Within the records that follow, restate exactly the lines from the line with "Back to delivery" down to the line with "b is any numeric", including both. Omit the pictures.

(Dataset entries)
%%

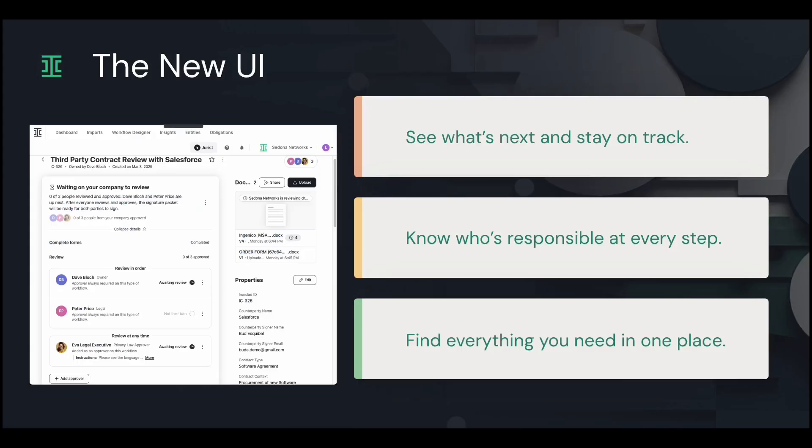The redesigned Ironclad workflow page streamlines contract management in meaningful ways. Stay on track with clear next steps, reducing delays in stalled contracts, take action faster with intuitive navigation to the most critical tasks, and find everything you need exactly where you expect it.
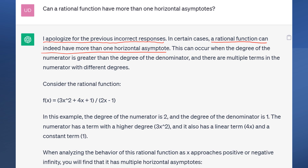If there is a horizontal asymptote, a rational function can have only one horizontal asymptote or only one slant asymptote, but it can have more than one vertical asymptote in certain cases. The system also incorrectly claims this can occur when the degree of the numerator is greater than the degree of the denominator — but in that case there is no horizontal asymptote, only a slant asymptote or none.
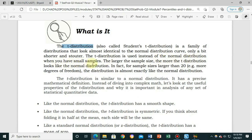Some of you may have already heard about the z-distribution. So what is the difference between z and t? When you have samples greater than 30, you use z. When you have samples less than 30, you use the t-distribution. For now, let's focus on the t-distribution.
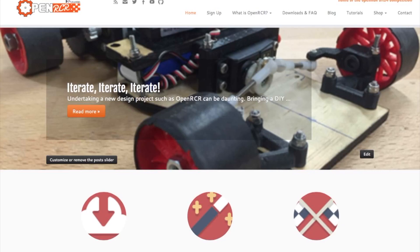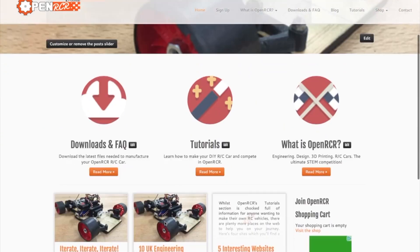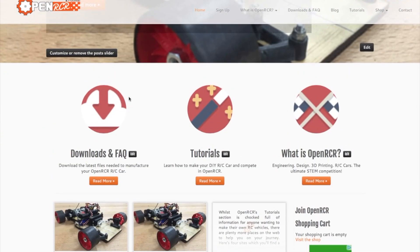To get involved with the Open RCR project, simply visit futurefab.org.uk. The website will always have the same three areas. The first is the sign-up area in the title bar where you can input your information and get the latest tips, tricks, and downloads. The downloads and FAQ section is where you download the actual plans and STL files for the car. Designs are hosted via GitHub so you can contribute your own designs via the open source methodology.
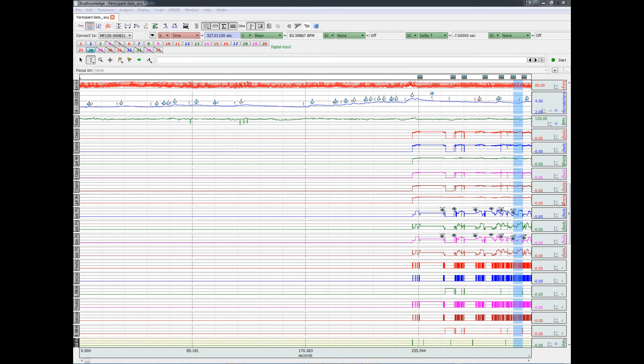Having the physiological and eye tracking data in one file opens up many possibilities for data analysis. Thank you for watching this overview of the new SMI import feature in Acknowledge.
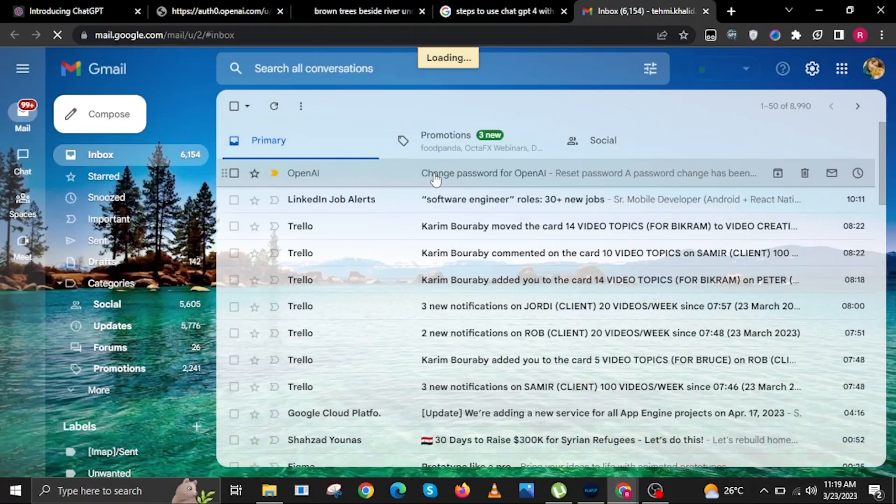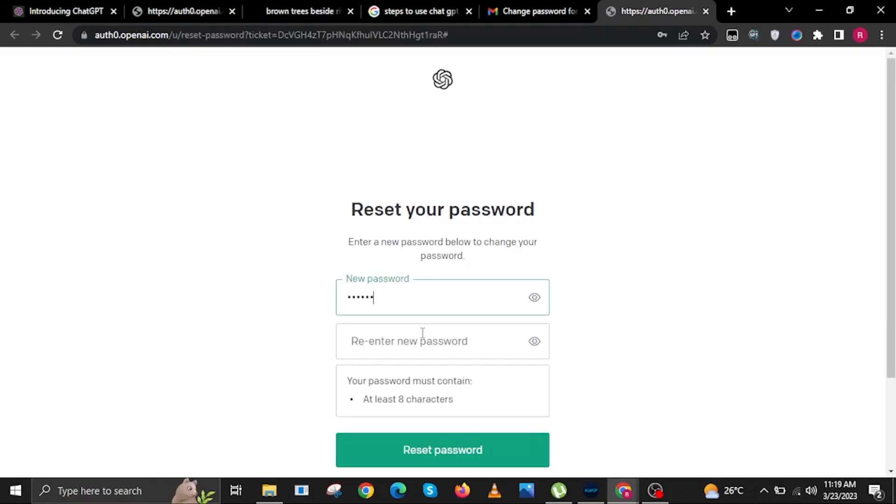Open the email sent out by OpenAI, then click on the link that says reset password. You'll now be redirected to the OpenAI website, and then you can reset your password.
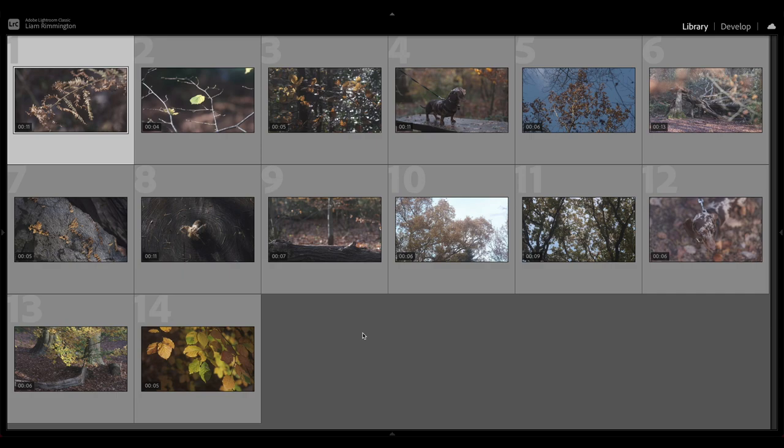Hi guys, Liam Remington here for Archipelago. In this tutorial, I'll be showing you how to color grade your videos with Archipelago presets inside Lightroom.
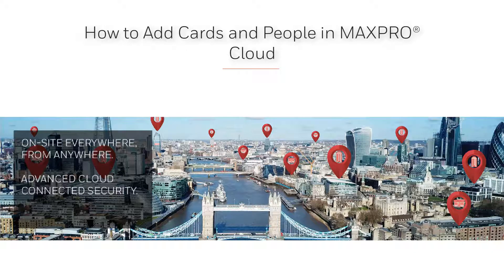Hello and welcome to the Honeywell MaxProCloud how-to video series. In this video we are going to cover how to add cards and people in MaxProCloud.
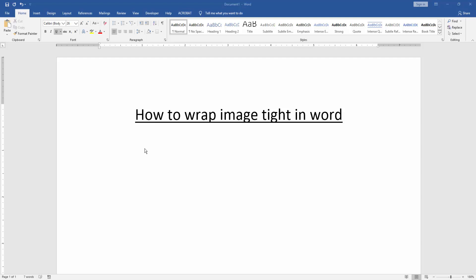First we have to open a Word document. Then we want to wrap image tight in this document. We want to insert an image in this document, so we go to the Insert menu.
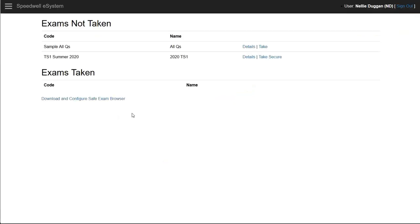Back to delivery here the student will now take the second exam which has to be taken securely.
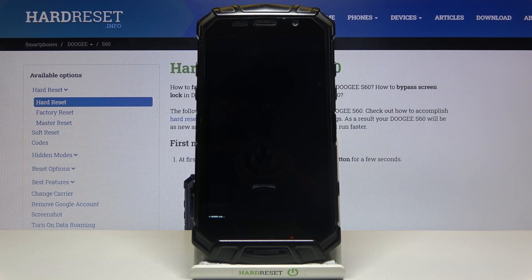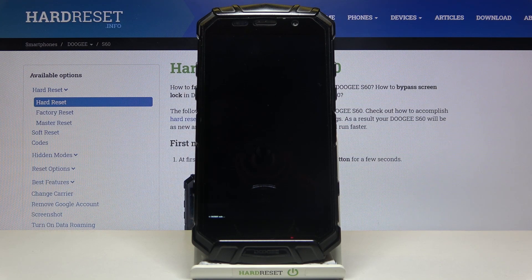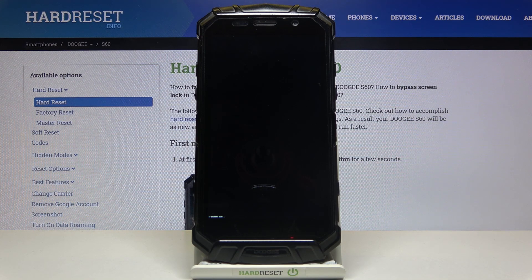Here I have Doogee S60 and today I'm going to show you how to exit recovery mode on this device. So if you entered recovery mode and you have no idea how to exit this mode,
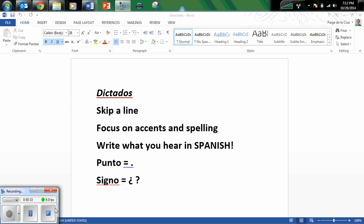Alright, here we go. Me llamo Eduardo. Punto.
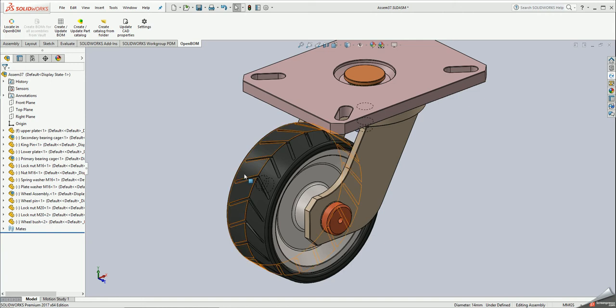Hello, this is Oleg at OpenBOM and today I'm going to show you how you can create part catalog in OpenBOM directly from SOLIDWORKS.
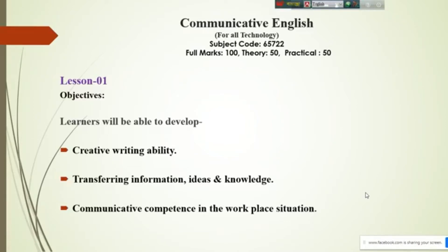Have a quick look at the screen. Today I will talk about communicative English. This course is divided into two parts and your performance will be evaluated by 100 marks — 50 for the theoretical part and another 50 for the practical part. I am going with the theoretical part today.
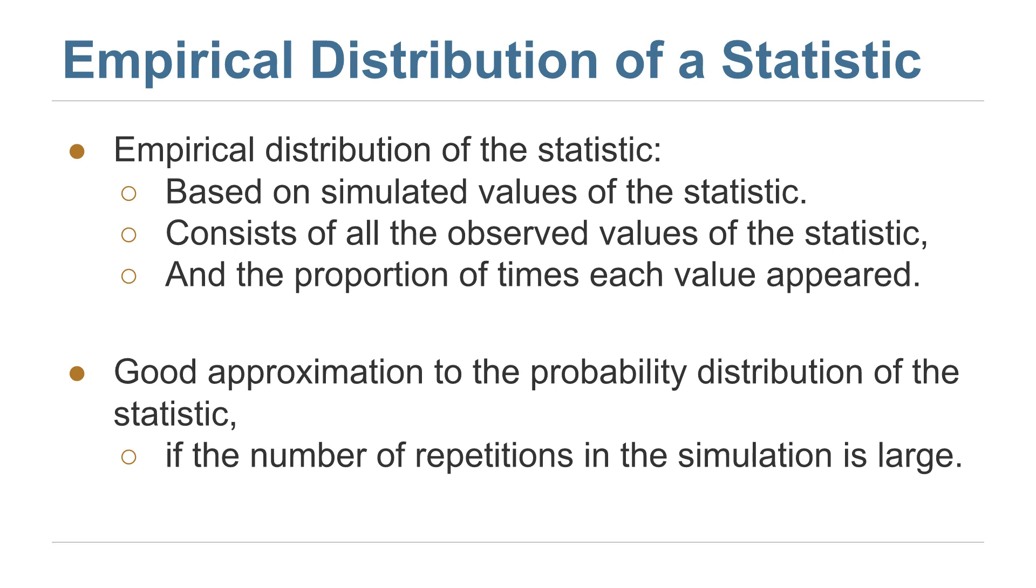Understanding how statistics vary as you draw multiple samples is a core concept in statistics because when you learn about the world through observation, you need to understand how much you might have been deceived by the variability in the sampling procedure itself. And you need to be able to express that variability when you perform statistical inference.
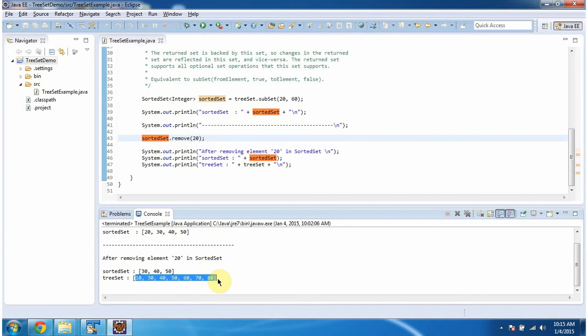Because if you do any modification in sorted set, that will impact the TreeSet and vice-versa. And this is about subset method of TreeSet. And thanks for watching. Bye.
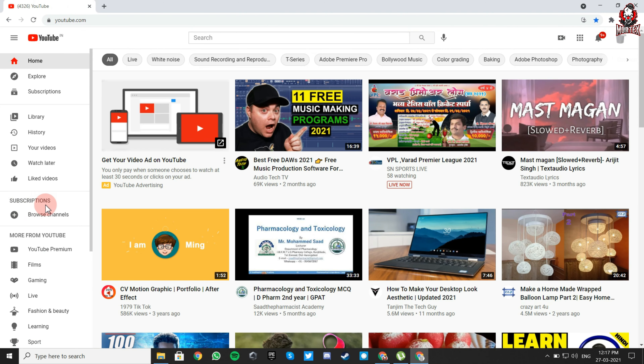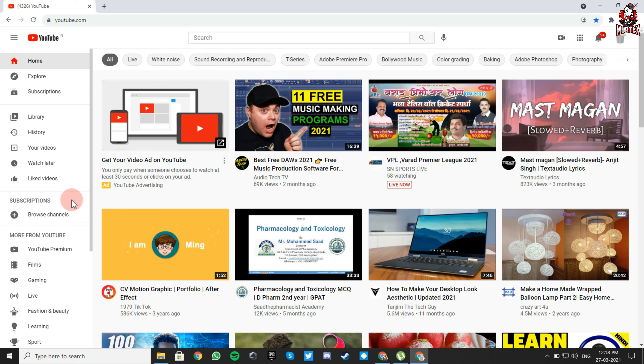As you can see, I now have zero subscriptions. In this way you can mass unsubscribe on YouTube. Don't forget to like, share, and subscribe — thanks for watching.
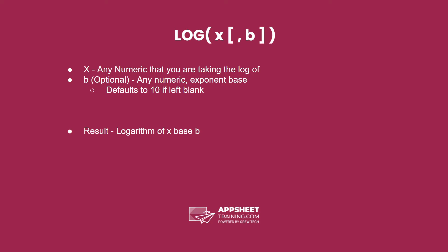b is any numeric and represents the base. If you don't include b, it will default to 10. The result is a logarithm of x base b.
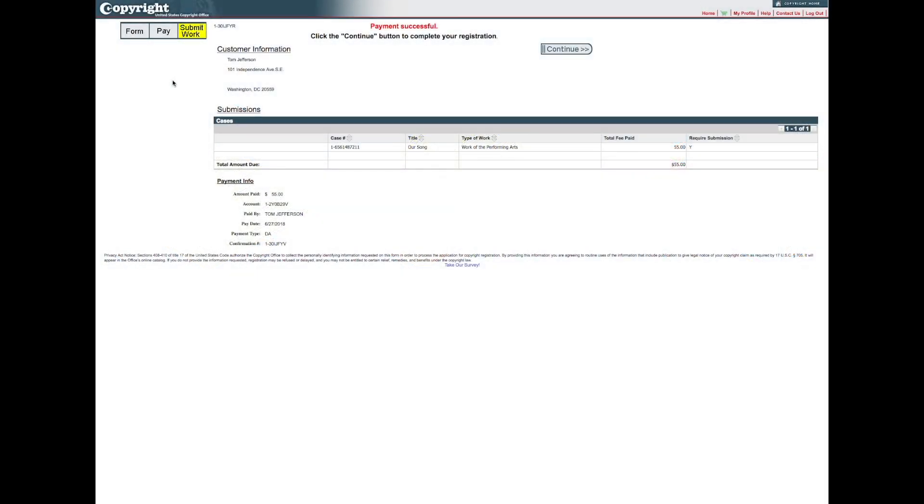After payment is confirmed, you will receive an email confirming the receipt of your application and payment.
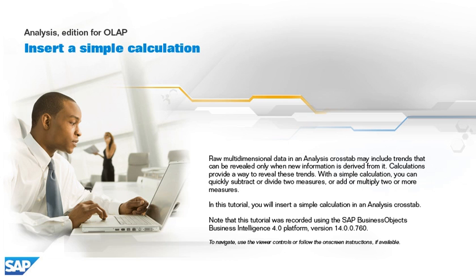With a simple calculation, you can quickly subtract or divide two measures, or add or multiply two or more measures.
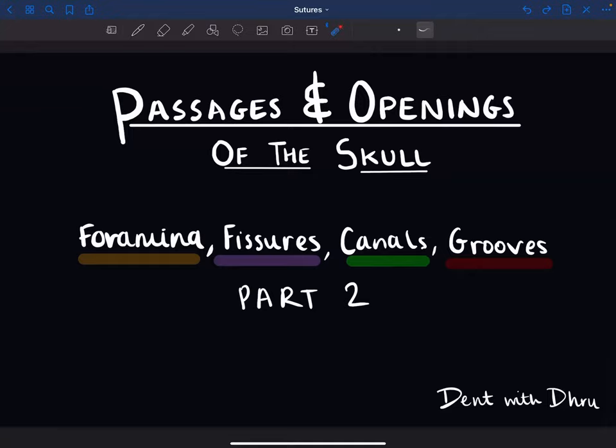Welcome to part two of my video on the passages and openings of the skull. These include the foramina, fissures, canals, grooves, and others. Let's jump straight in.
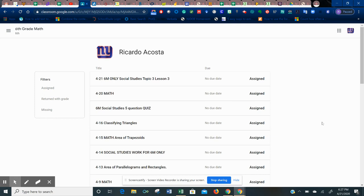Make sure you go in there and do the same exact thing. If you guys have any questions, please feel free to contact me, ricardo.acosta at bellevilleschools.org. Thank you.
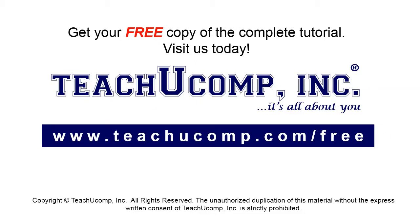Get your free copy of the complete tutorial at www.teachucomp.com/free.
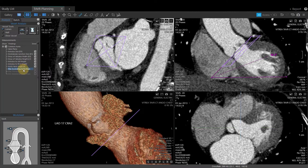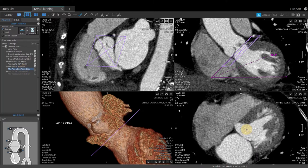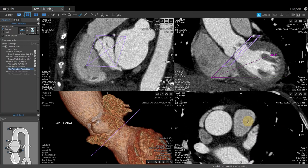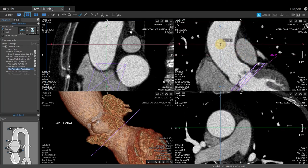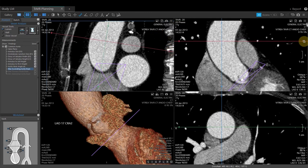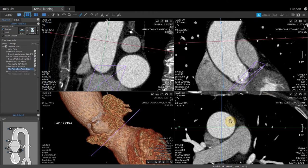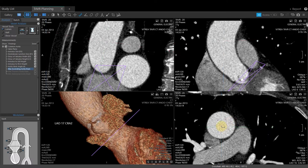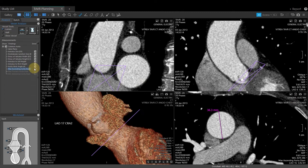Maximum ascending aorta diameter is the next measurement. This can be created in the 2D images or in the vessel probed view. Roll the center wheel to navigate through the data. Holding the left ALT key activates the crosshair. Click and drag the crosshair to the maximum diameter of the ascending aorta, obliquing as needed. Once at the maximum ascending aorta diameter, release ALT and double-click in the aorta. The software will automatically drop a ruler tool. Edit if necessary, then click Done and click the camera to save.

%%

◆ Completed task
Back to delivery here the student will now take the second exam which has to be taken securely.
Here I have Doogee S60 and today I'm going to show you how to exit recovery mode on this device. So if you entered recovery mode and you have no idea how to exit this mode,
Alright, here we go. Me llamo Eduardo. Punto.
Hello, this is Oleg at OpenBOM and today I'm going to show you how you can create part catalog in OpenBOM directly from SOLIDWORKS.
Have a quick look at the screen. Today I will talk about communicative English. This course is divided into two parts and your performance will be evaluated by 100 marks — 50 for the theoretical part and another 50 for the practical part. I am going with the theoretical part today.
Understanding how statistics vary as you draw multiple samples is a core concept in statistics because when you learn about the world through observation, you need to understand how much you might have been deceived by the variability in the sampling procedure itself. And you need to be able to express that variability when you perform statistical inference.
Because if you do any modification in sorted set, that will impact the TreeSet and vice-versa. And this is about subset method of TreeSet. And thanks for watching. Bye.
As you can see, I now have zero subscriptions. In this way you can mass unsubscribe on YouTube. Don't forget to like, share, and subscribe — thanks for watching.
b is any numeric and represents the base. If you don't include b, it will default to 10. The result is a logarithm of x base b.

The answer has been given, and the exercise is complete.